Me, I'm a tangent hound. Thanks for these videos - I'll savor them....
I've ordered Ken Burns' documentary, so I can get back to that one!
The video quality is poor, but that's just because Dick was using one of those 1950s vintage hand crank movie cameras. Imagine filming himself building a log cabin from scratch! Amazing. And the skill displayed leaves me dumbfounded.
(I have the Parks thing nicely squeezed into 2 6hr VHS tapes. Figure I'll be ready to watch the whole thing again around Christmastime.)
Is this the same guy you talked about on quiblit a couple of times (what with the bear-proof door handle and all)? I guess I could go back and check.
Youtube...wish I had the time.
Same guy K.
It's called the Proenneke Lock, a marvel of engineering. Of course, in the video he mentions that although a bear might not be able to figure out how it works, he could always just smash the cabin door down.
He was a realist.
Astonishing. (eom)
No power tools. Is that unreal or what?
I want that cabin.
I know. It's like, "Oh. Whoops. It's September. I guess I better cut a hole in the back of my house and build a fireplace and chimney out of moss rock from the creek, sand from the lake, and make mortar out of talcum powder and toothpaste."
True genius at its finest. I wonder if, between me, you, Keifus and twif, we could pull that off. I bet we could. We'd need beer, though, I think.

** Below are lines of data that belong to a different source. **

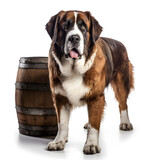 Fototapeta Psy - Saint Bernard Dog with Barrel Isolated on White Background - Generative AI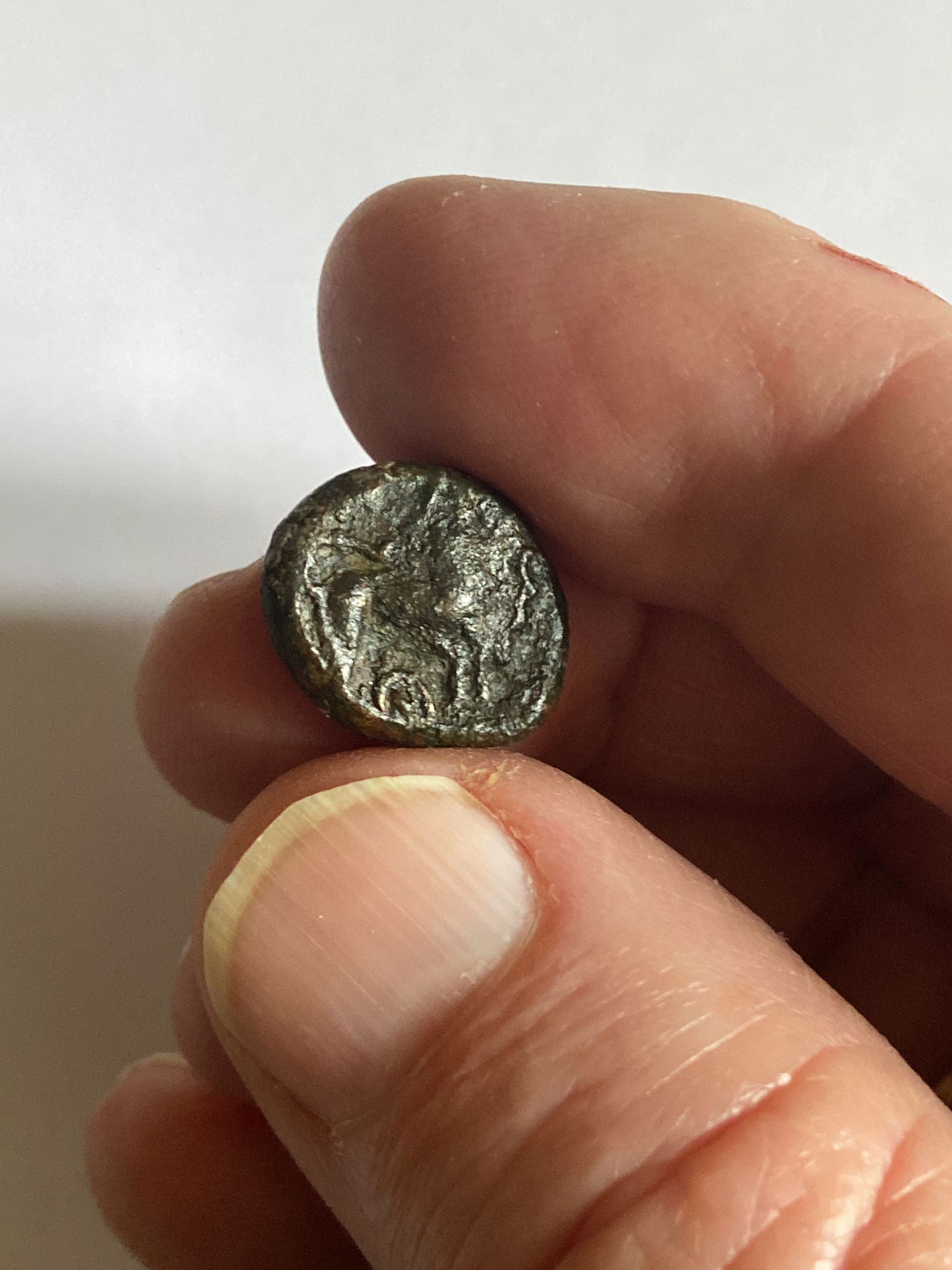 Carnutes-Nw-Gaul---Any-Help-With-A-More-Detailed-ID?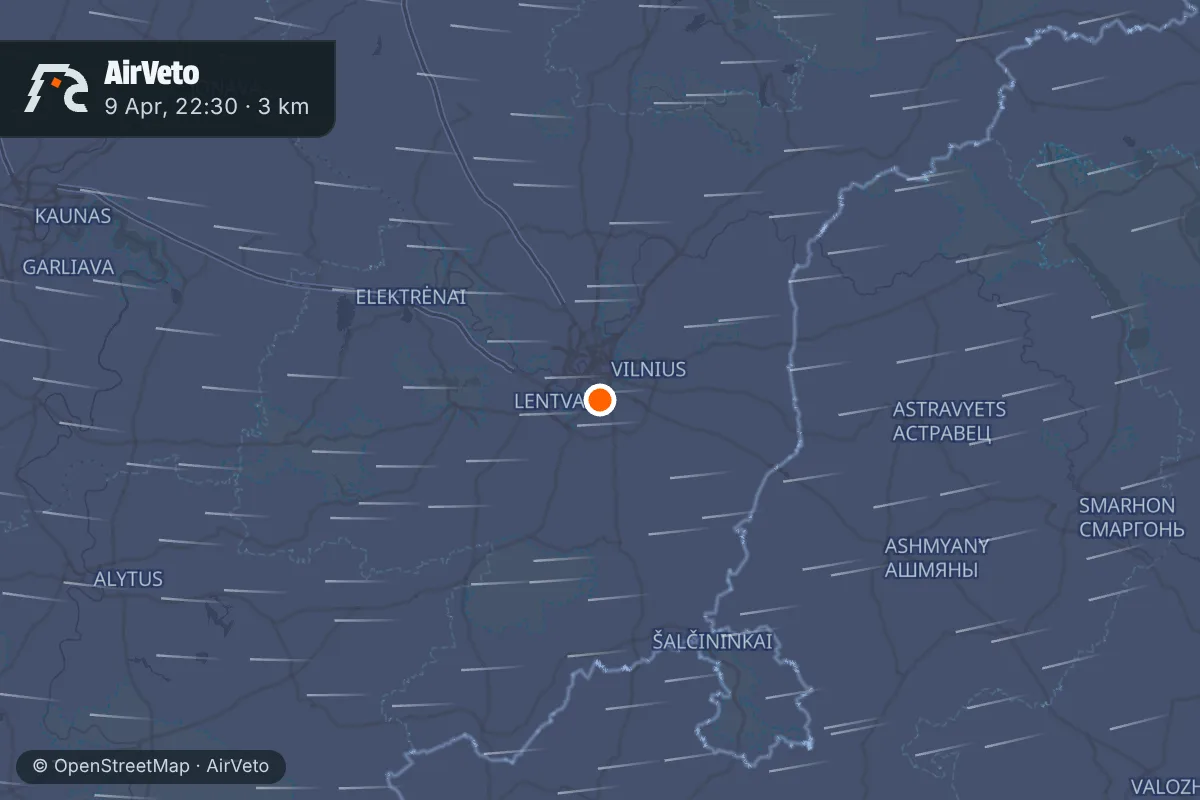Wind at the time of: Balloons close Vilnius airport for almost seven hours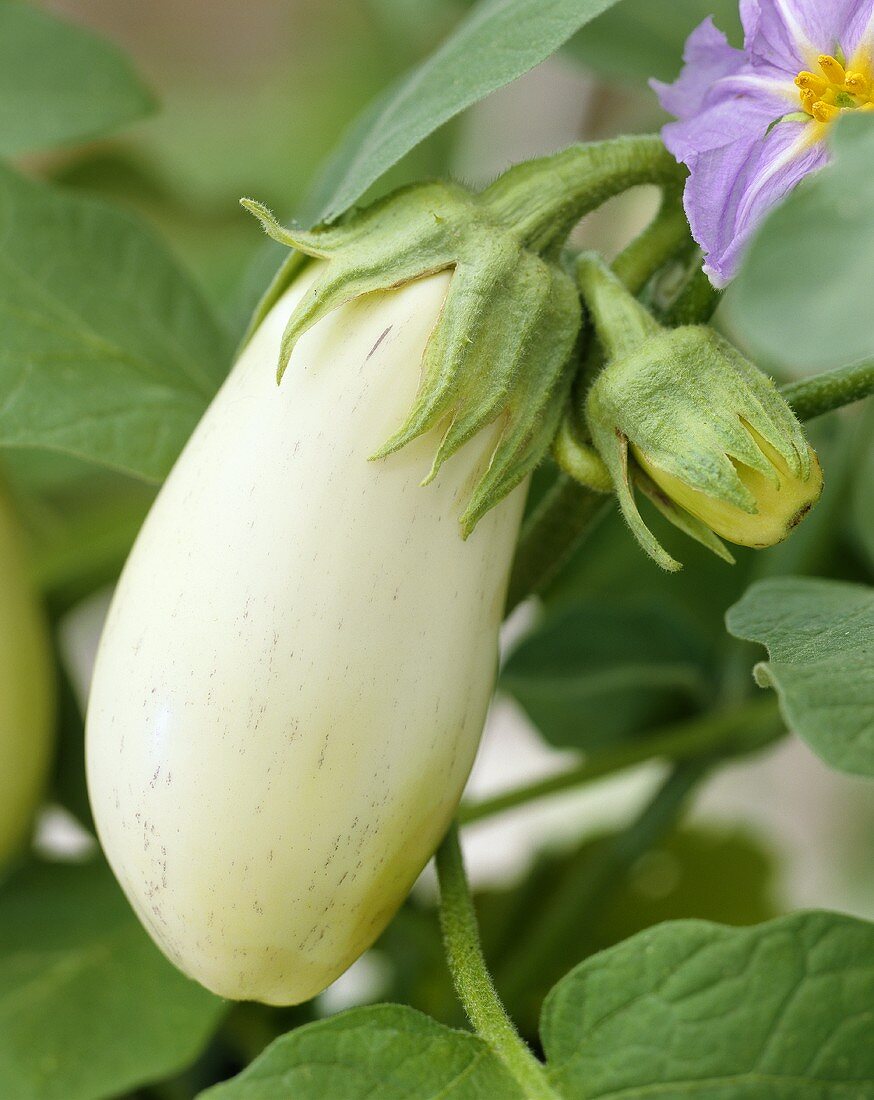 Eine weiße Aubergine (Aubergine Mohican)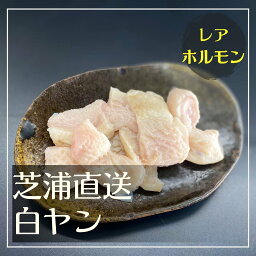 ＜選べるサイズ＞芝浦直送 和牛ホルモン 白ヤン 約100～180g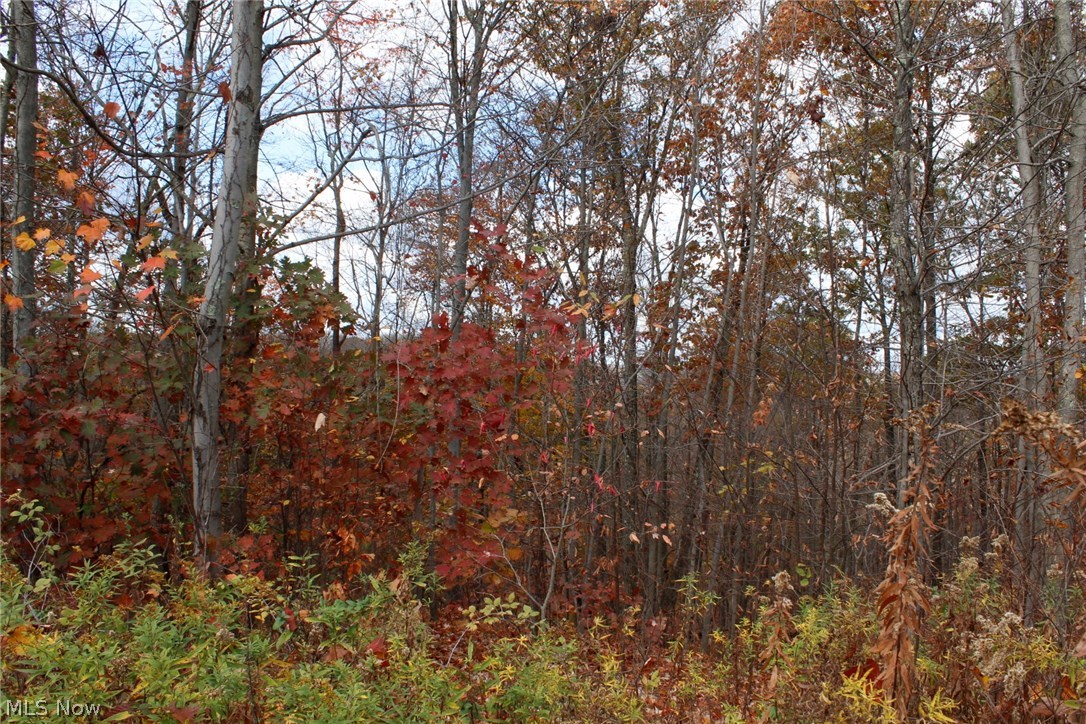 565 State Route Lower Salem, OH 45745 - Photo 9 of 14 Gallery Image 9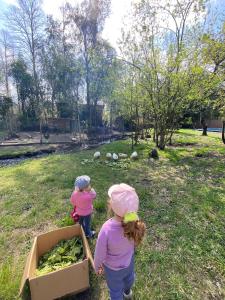 La Hortensia Aldea Molco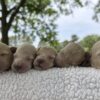 F1-B Mini Goldendoodle Puppies - Tucker and Muffin 1 f1-b mini goldendoodle puppies f1-b mini goldendoodle puppies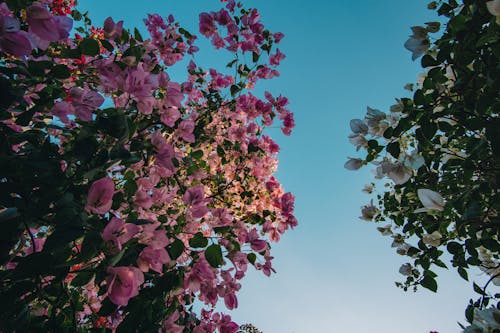 Pink Flowers Under Blue Sky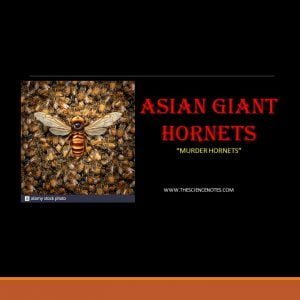 ASIAN GIANT HORNETS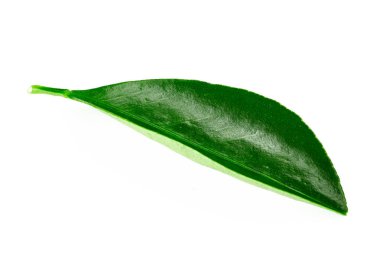 Beyaz üzerine izole edilmiş yapraklar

"Well, I needed a fish. I took the casting rod and went looking for a grayling. In my spare time I made a table and chair out of a spruce tree."
I could watch the part where he's notching logs on a continuous loop. When he rolls one over and it snuggles perfectly with the one below it,..man oh man, what craftsmanship. Don't even get me started on his window and door.
Of course we could do it, with enough wine and weed. You guys can have the brewskies.